Allí estaba siempre, en el semáforo, donde moría la A-92 y aquella ciudad hostil se abría ante mi. Yo la veía desde la altura, quizá como metáfora. No recuerdo cómo iba vestida, pero lo que sí recuerdo es que era mayor, muy mayor, vestida de colores oscuros y con ropa raída. Con arrugas en la cara, quizá tantas como penas llevara en el cuerpo. Y con gesto entre enfadado y cansado.
Vendía pañuelos, dos o tres paquetes, por entre los coches mientras estaban parados. Desde mi posición de no-cliente veía las reacciones de los conductores. Desde la indiferencia hasta la lástima. Supongo que habría perdido la cuenta de las ventanas cerradas que se habría encontrado, incluso en verano. Yo hubiera sido uno de ellos. Pero allí seguía, moviéndose entre los coches, con el paso cansado de los años y la certidumbre de un futuro a juego con su atuendo.
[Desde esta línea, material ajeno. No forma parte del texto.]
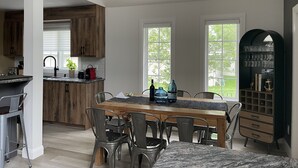 Una cocina moderna con armarios de madera, un comedor con una mesa de mármol y un mueble negro con cristalería.
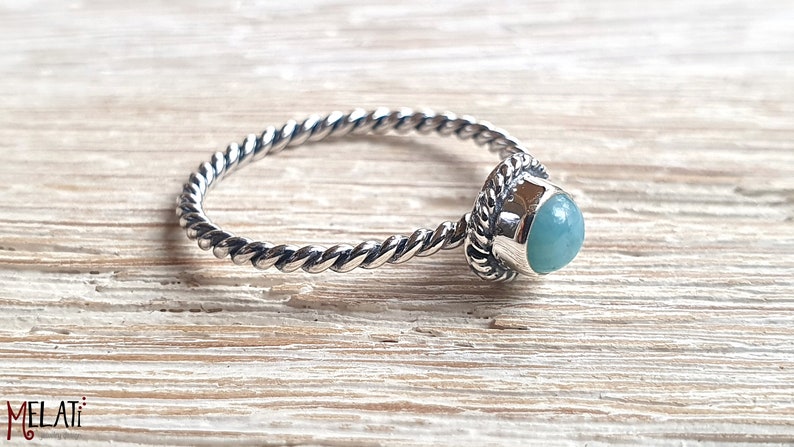 May include: A silver ring with a twisted band and a light blue gemstone set in a silver bezel.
Muchas noches, mientras estaba estudiando, pensaba en si no acabaría un día así. Y aún hoy me lo pregunto, con la supuesta estabilidad de un sueldo de ese Gran Hermano que es hoy el Estado moderno y benefactor, esa Santísima Trinidad laica. Y, tal y como está el panorama, tampoco es mala idea pensarlo.